4. Catatan Laporan Keuangan
Bagian ini berisi klarifikasi dan analisa terhadap angka-angka nan tercantum dalam Neraca, LRA dan Laporan Arus Kas.
Sistem akuntansi pemerintah pusat dan daerah ada nan mengaturnya. Peraturan Menteri Keuangan mengatur sistem akuntansi pemerintah pusat. Sedangkan Peraturan Kepala Daerah seperti Walikota, Bupati dan Gubernur nan mengatur sistem akuntansi daerah. Dalam menyampaikan laopran keuangan dilampirkan pula bukti-bukti transaksi nan telah melalui proses akuntansi. Proses tersebut melalui tahapan-tahapan sebagai berikut:
- Menganalisa dokumen bisnis atau transaksi usaha.
- Pencatatan jurnal analisa dokumen bisnis tersebut berdasarkan kronologinya.
- Jurnal tersebut lalu diposkan ke akun nan tepat dalam buku besar dan buku tambahan lain.
- Penyusunan neraca saldo dari akun pada buku besar.
- Pembuatan ayat jurnal penyesuaian nan kemudian diposkan pada buku besar.
- Penyususnan laporan keuangan.
- Penutupan rekening sementara.
- Buku besar ditutup lalu disusunlah Neraca Saldo.
Akuntabilitas keuangan daerah dari tahun 2004 – 2007 menurut Badan Pemeriksa Keuangan (BPK) tak menunjukkan perubahan nan baik secara signifikan. Anwar Nasution, Ketua BPK mengungkapkannya setelah melihat persentase Laporan Keuangan Pemerintah Daerah. Sampai tahun 2007, BPK belum menerima 32 Laporan Keuangan Pemerintah Daerah. Selain itu, terdapat 161 Laporan Keuangan Pemerintah Daerah masih dalam proses akhir pemeriksaan.
Untuk mengatasi masalah ini, BPK telah menyiapkan langkah-langkah pemugaran agar buruknya transparansi keuangan dan akuntabilitas daerah dapat diselesaikan.
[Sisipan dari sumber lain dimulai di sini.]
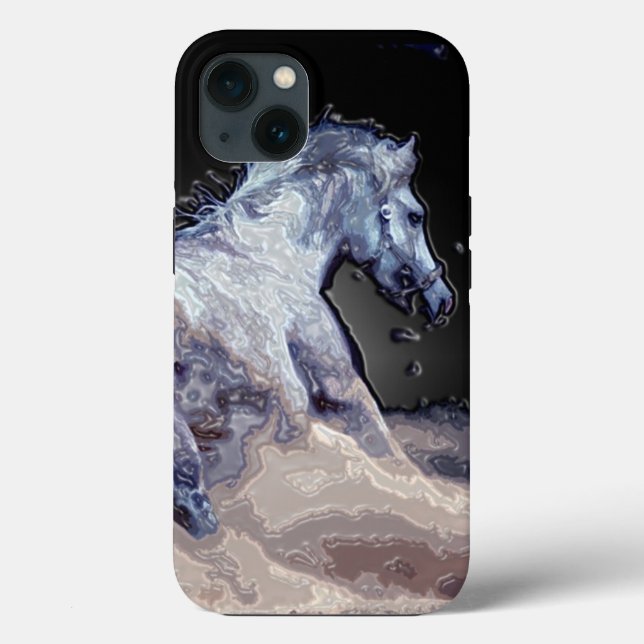 Freiheit - Running Horse Case-Mate iPhone Hülle (Rückseite)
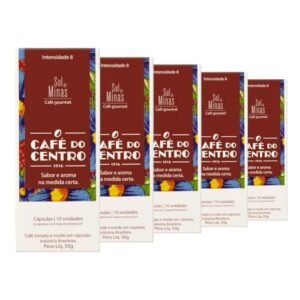 50 Cápsulas Compatíveis com Nespresso®, Café do Centro, Sul de Minas (Café)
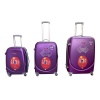 3 Piece Lightweight Luggage Set - Purple Photo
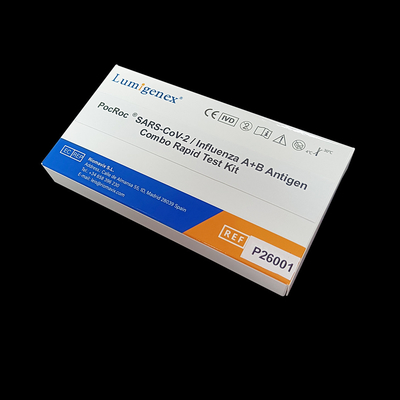مسحة الأنف Covid19 Flu A Flu A Rapid Test Kit Colloidal Gold Influenza B.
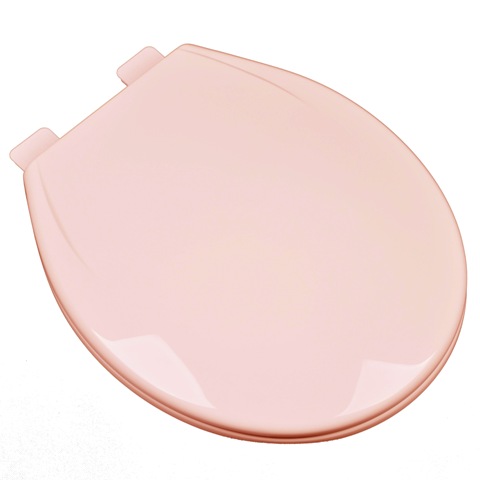 Slow Close Plastic Round Front Contemporary Design Toilet Seat, Venetian Pink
Mereka berharap action plan ini juga dapat memperbaiki kinerja holistik forum nan telah ditunjuk buat melaporkan kondisi keuangan ini.
Langkah-langkah pemugaran nan telah disiapkan BPK meliputi sistem pembukuan, sistem pelaksanaan komputer nan digunakan, inventarisasi aset dan hutang, waktu penyusunan laporan keuangan, inspeksi dan pertanggungjawaban anggaran, QA (Quality Assurance) terhadap sumber daya manusia dan Laporan Keuangan Pemerintah Daerah nan dilakukan oleh pengawas intern.
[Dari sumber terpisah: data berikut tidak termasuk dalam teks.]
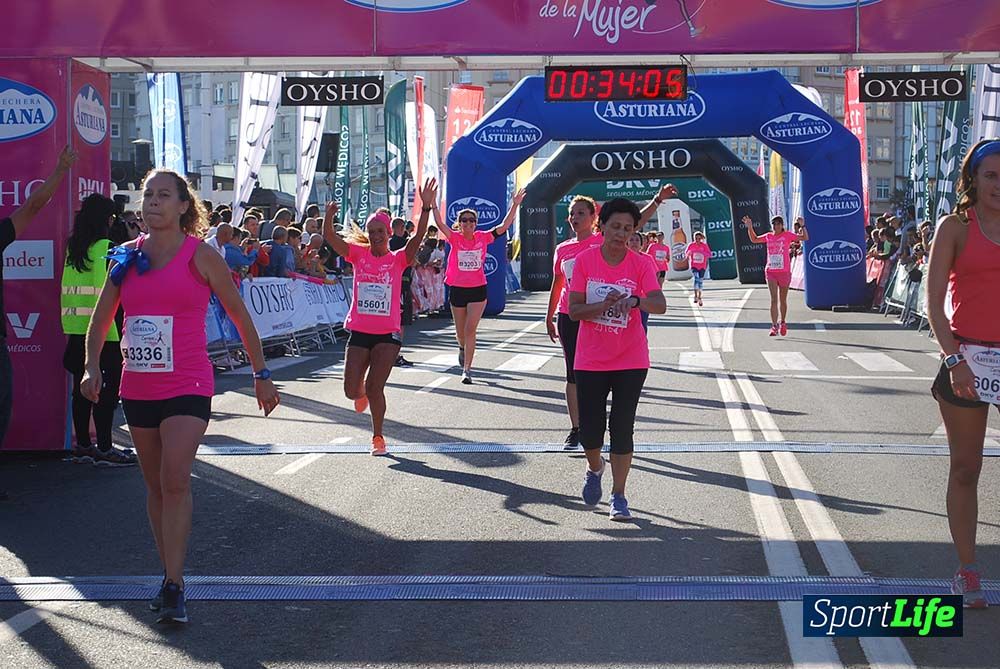 Carrera de la Mujer A Coruña meta 1 (de 00:26 a 00:35))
- Perlunya ditandatangani management representative letter oleh pemerintah daerah pada setiap inspeksi keuangan nan dilakukan BPK.
- Pemerintah daerah harus dapat menentukan kapan saatnya mencapai ‘opini wajar’ tanpa terkecuali dengan cara menyusun action plan nan meliputi : tindakan nan diambil, bidang nan perlu diperbaiki, misi, siapa nan melakukan dan kapan waktunya.
- Perbaikan sistem keuangan daerah dan pelaksanaan komputer dengan menggandeng forum lain seperti universitas setempat dan BPKP.
- Mendorong perombakan struktur badan-badan keuangan nan ada.
- Pembentukan panitia akuntabilitas publik oleh DPR.
- Pengawasan koordinasi antara Depkeu, Departemen Teknis dan Depdagri dalam menyusun desain nan niscaya tentang swatantra keuangan daerah.
Nah, itulah klarifikasi mengenai akuntabilitas keuangan daerah. Akuntabilitas keuangan daerah sangat penting. hal ini buat mencegah terjadinya hal-hal nan tak diinginkan, seperti korupsi.
Semoga klarifikasi nan disampaikan bermanfaat.